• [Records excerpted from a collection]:
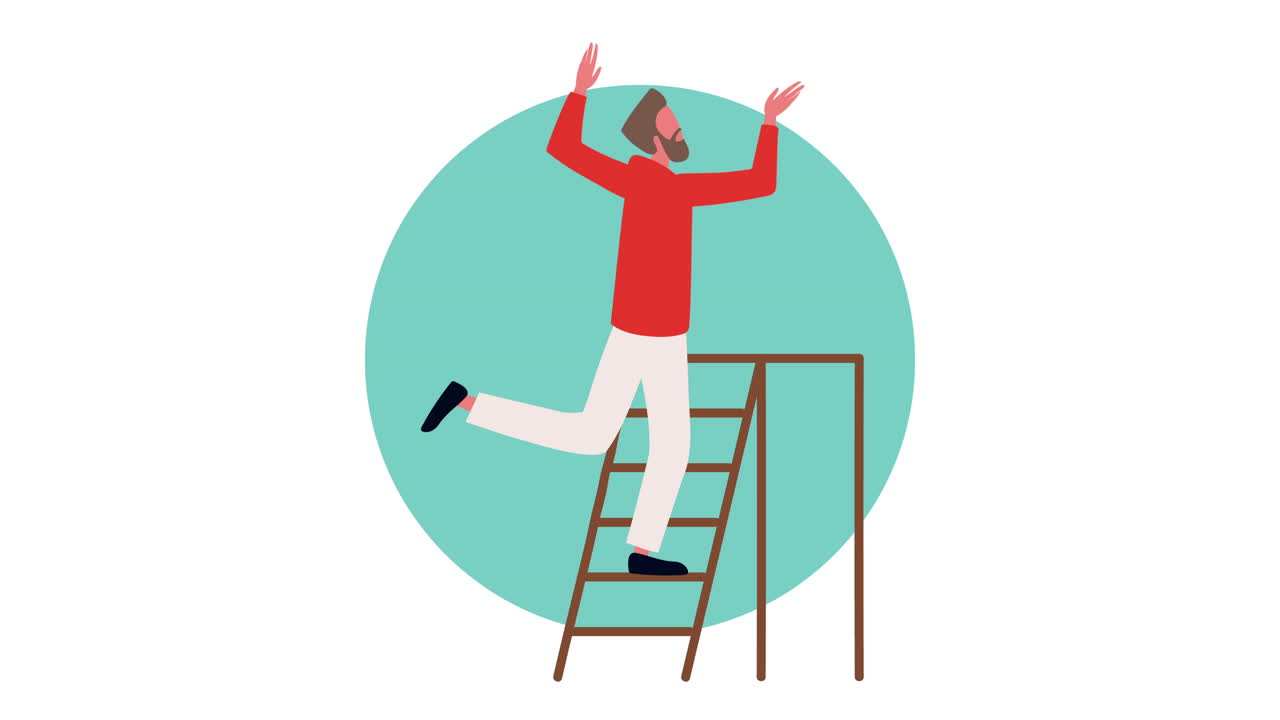 Man Climbing a Ladder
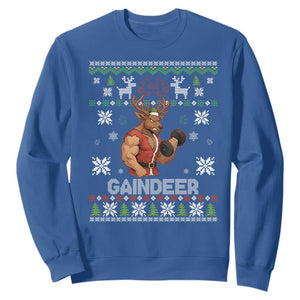 Funny Christmas Workout Gaindeer Sweatshirt Muscular Reindeer Holiday Gym Humor Wordplay TS02 Royal Blue Print Your Wear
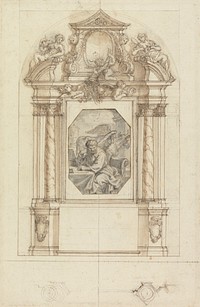 Design for an Altarpiece with a drawing of St. Luke mounted at the center by unknown artist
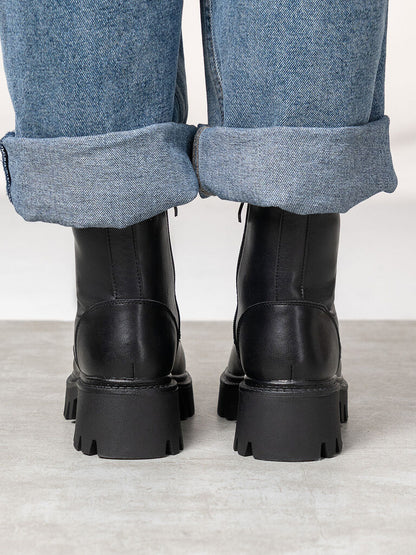 Black Chunky Sole Combat Boots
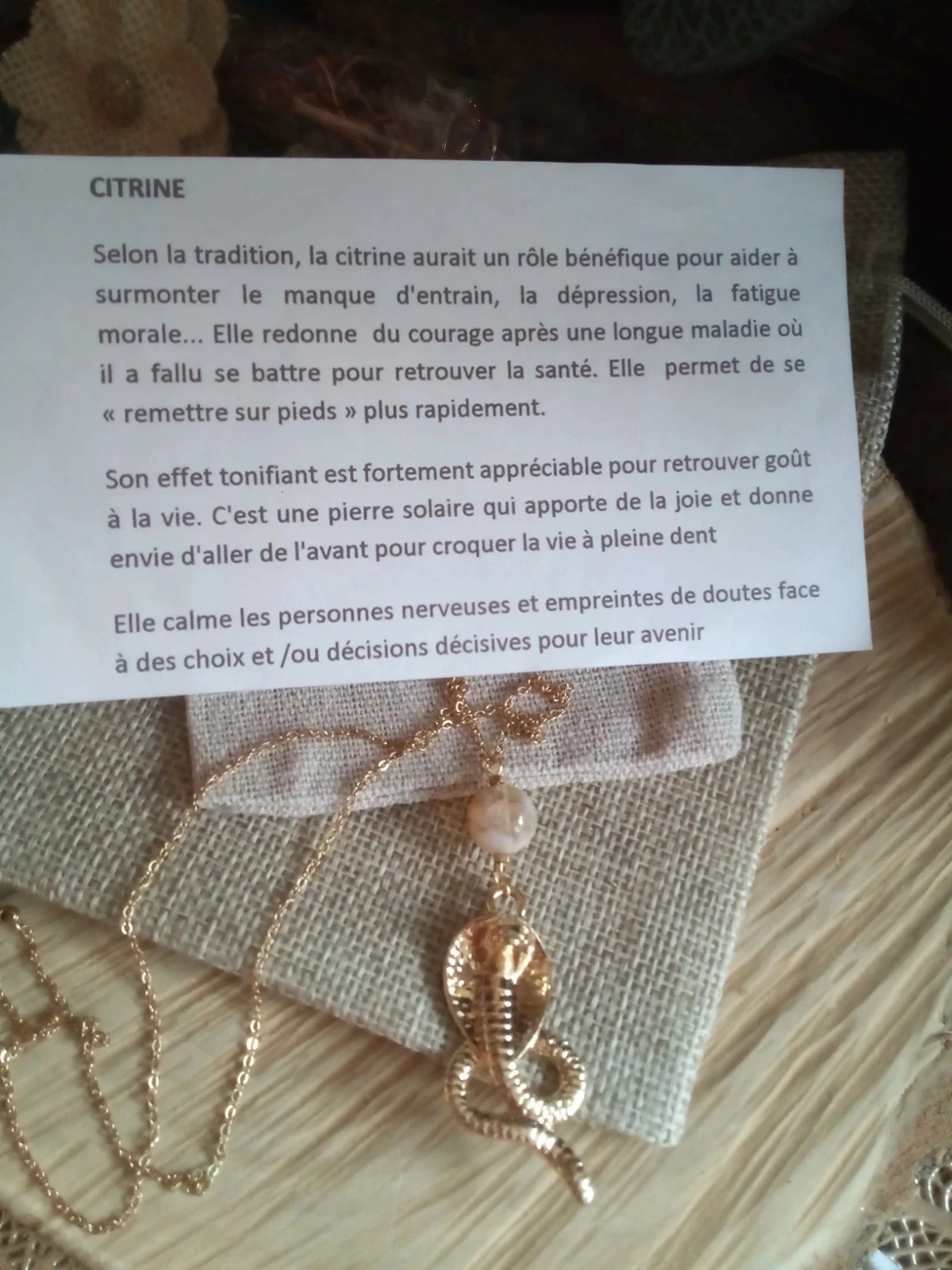 Collier serpent cobra et pierre de citrine naturelle – photo 2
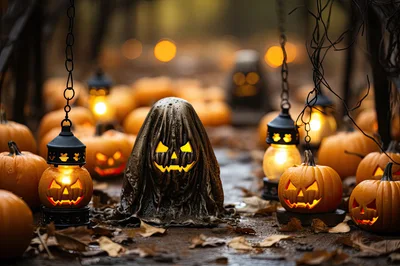 Spooky Halloween Pumpkin Display With Glowing Lanterns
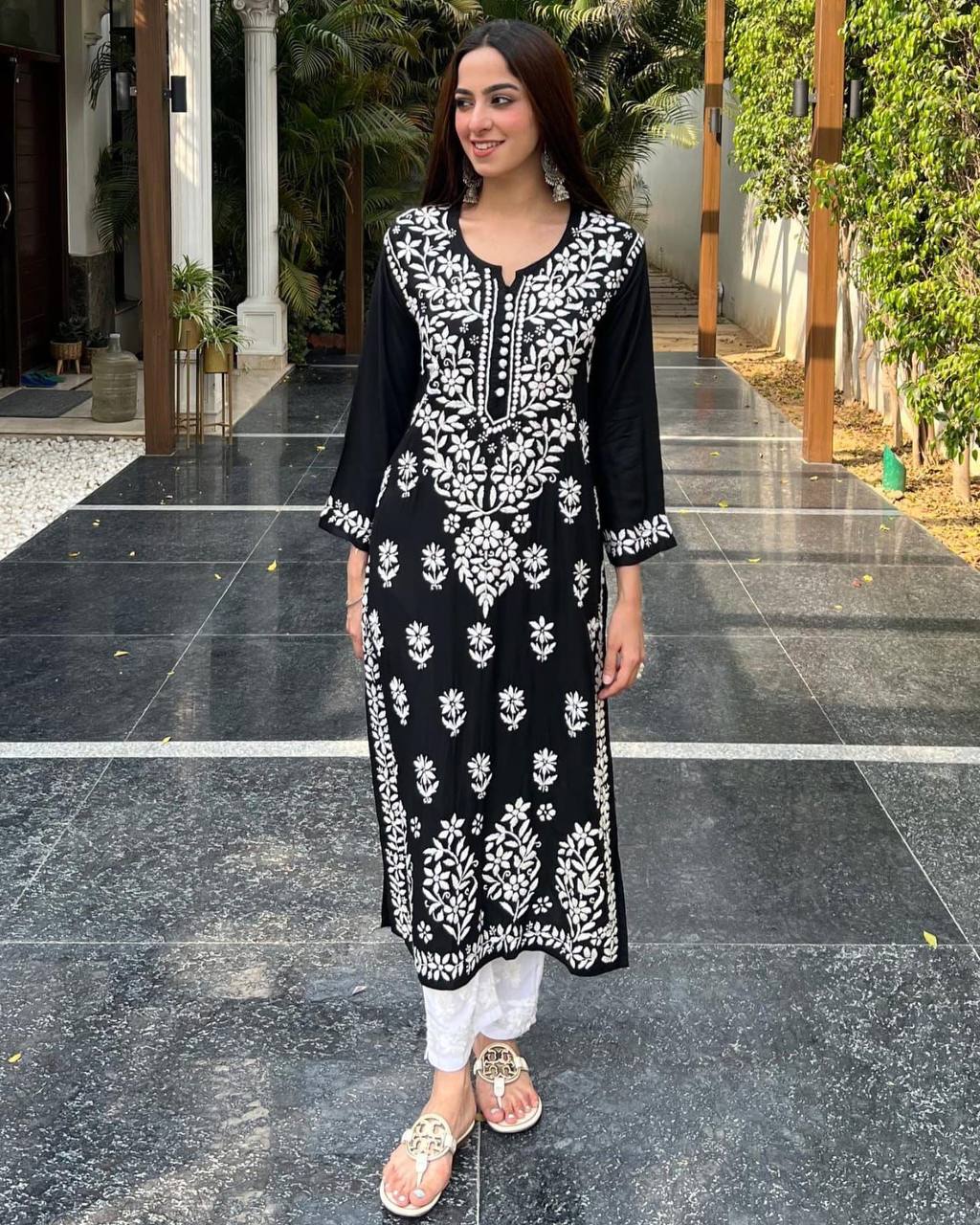 Black Rayon Cotton Embroidered Kurta Pant Set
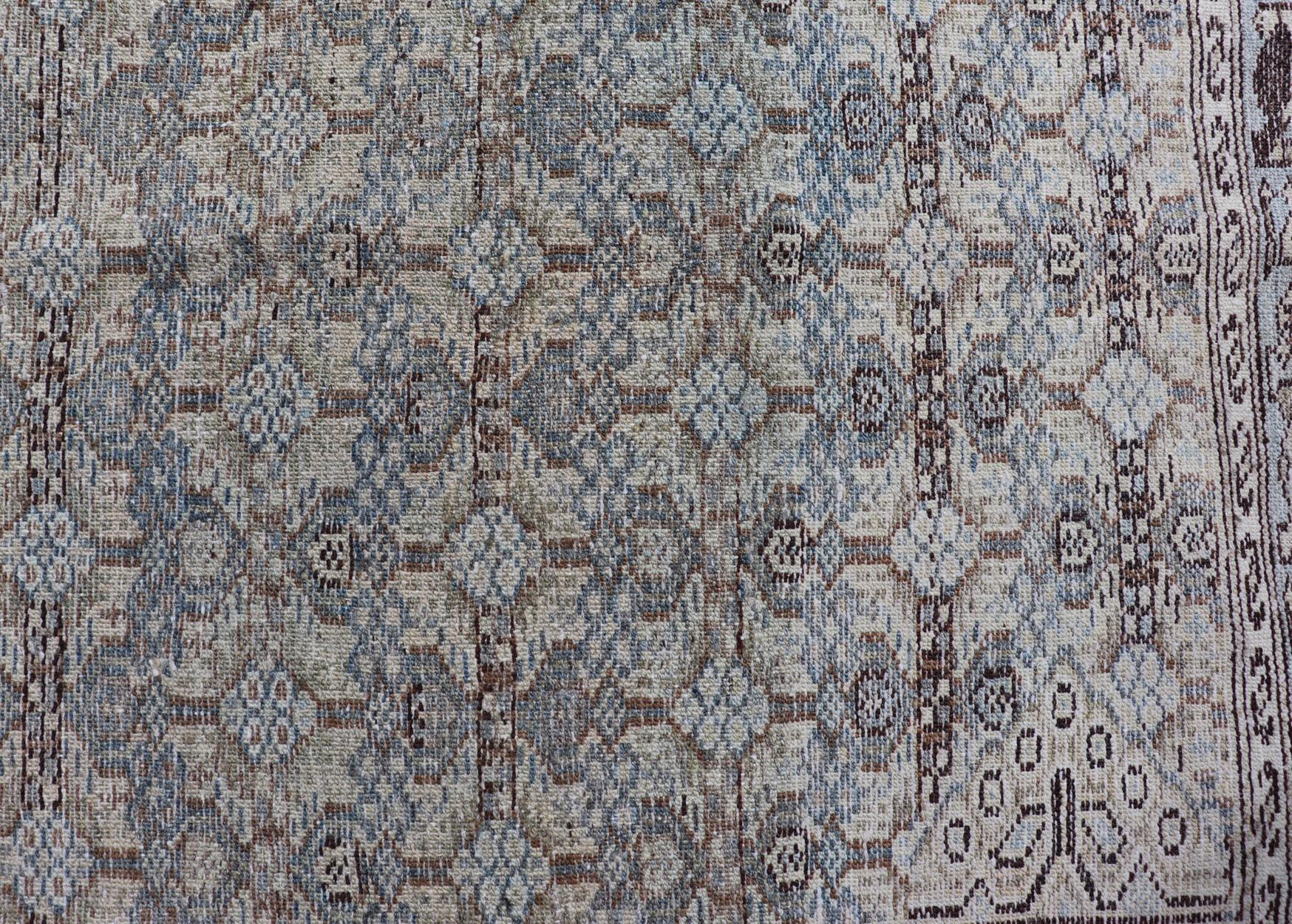 Antiker persischer Malayer-Teppich aus Persien mit kompliziertem, geometrischem All-Over-Design 3'3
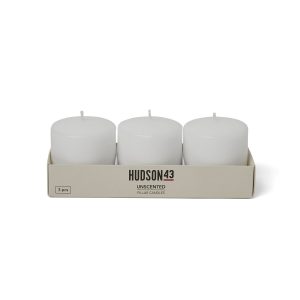 3 x 3 White Pillar Candles 3pk by Hudson 43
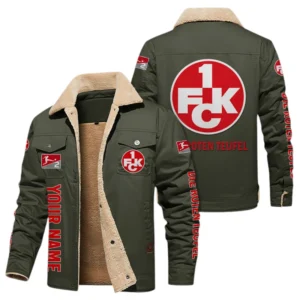 1. FC Kaiserslautern Jacke mit Fellkragen und Fleece, Ganzflächig bedruckte Jacke mit Fellkragen und Fleece fur 1. FC Kaiserslautern fans BDE103082125101 - Grün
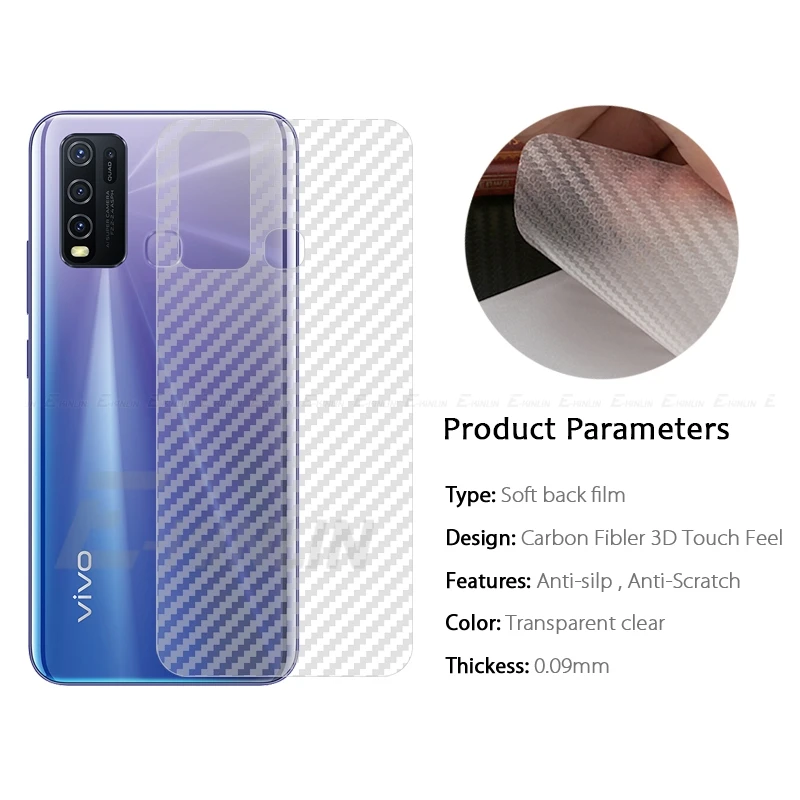 Back Cover Screen Protector For VIVO Y31 Y21s Y21 Y33T Y21T Y21G Y33s Y22s Y22 Y35 Y30 Y20 Y20i Y30i Y20s G 3D Carbon Fiber Film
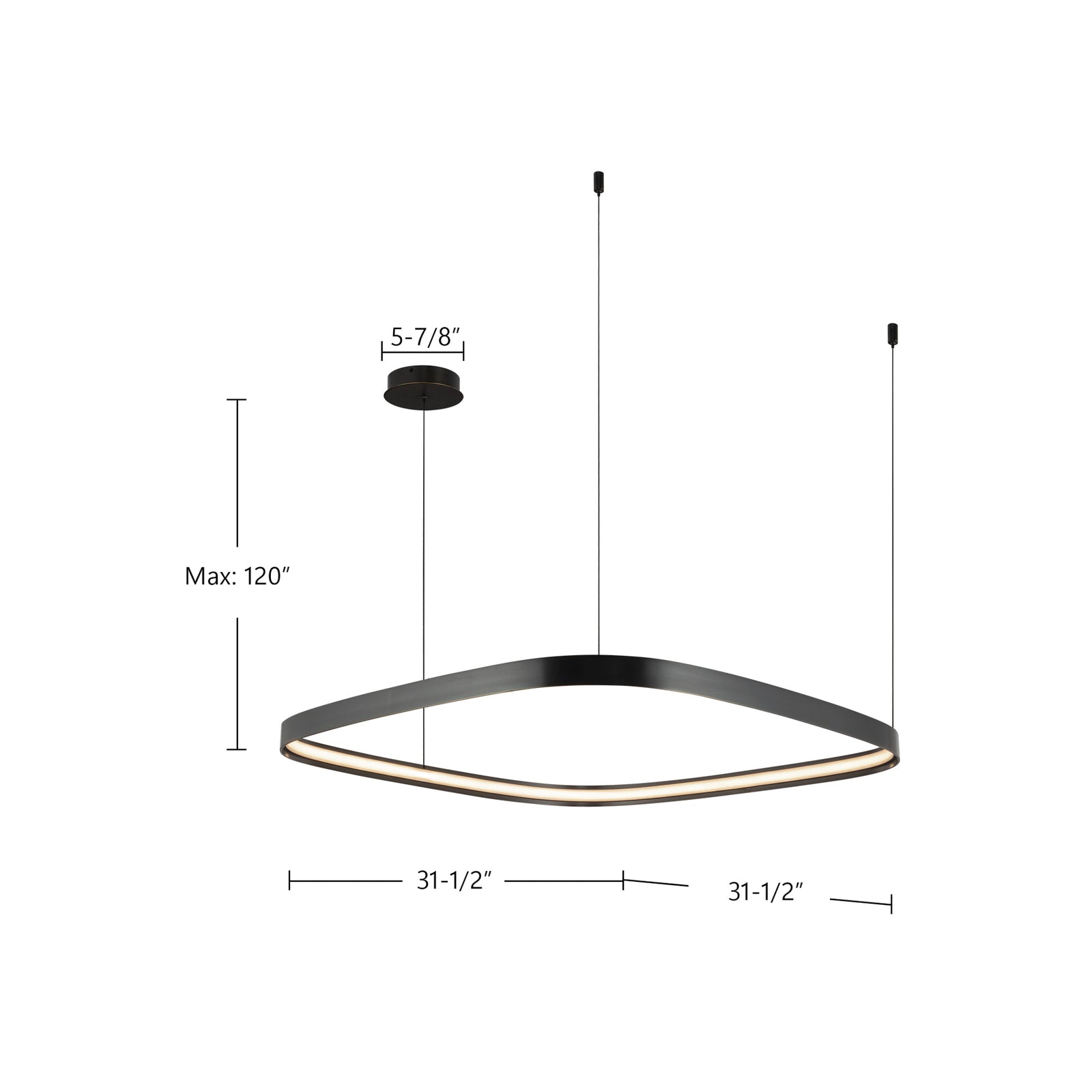 Yukon 31-in Vintage Brass LED Pendant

• [Instructions for the task]:
Exactly the lines from the top of the entries through the line with "Back Cover Screen", inclusive, must be given again, with every picture omitted.

• [Written answer]:
 Man Climbing a Ladder
 Funny Christmas Workout Gaindeer Sweatshirt Muscular Reindeer Holiday Gym Humor Wordplay TS02 Royal Blue Print Your Wear
 Design for an Altarpiece with a drawing of St. Luke mounted at the center by unknown artist
 Black Chunky Sole Combat Boots
 Collier serpent cobra et pierre de citrine naturelle – photo 2
 Spooky Halloween Pumpkin Display With Glowing Lanterns
 Black Rayon Cotton Embroidered Kurta Pant Set
 Antiker persischer Malayer-Teppich aus Persien mit kompliziertem, geometrischem All-Over-Design 3'3
 3 x 3 White Pillar Candles 3pk by Hudson 43
 1. FC Kaiserslautern Jacke mit Fellkragen und Fleece, Ganzflächig bedruckte Jacke mit Fellkragen und Fleece fur 1. FC Kaiserslautern fans BDE103082125101 - Grün
 Back Cover Screen Protector For VIVO Y31 Y21s Y21 Y33T Y21T Y21G Y33s Y22s Y22 Y35 Y30 Y20 Y20i Y30i Y20s G 3D Carbon Fiber Film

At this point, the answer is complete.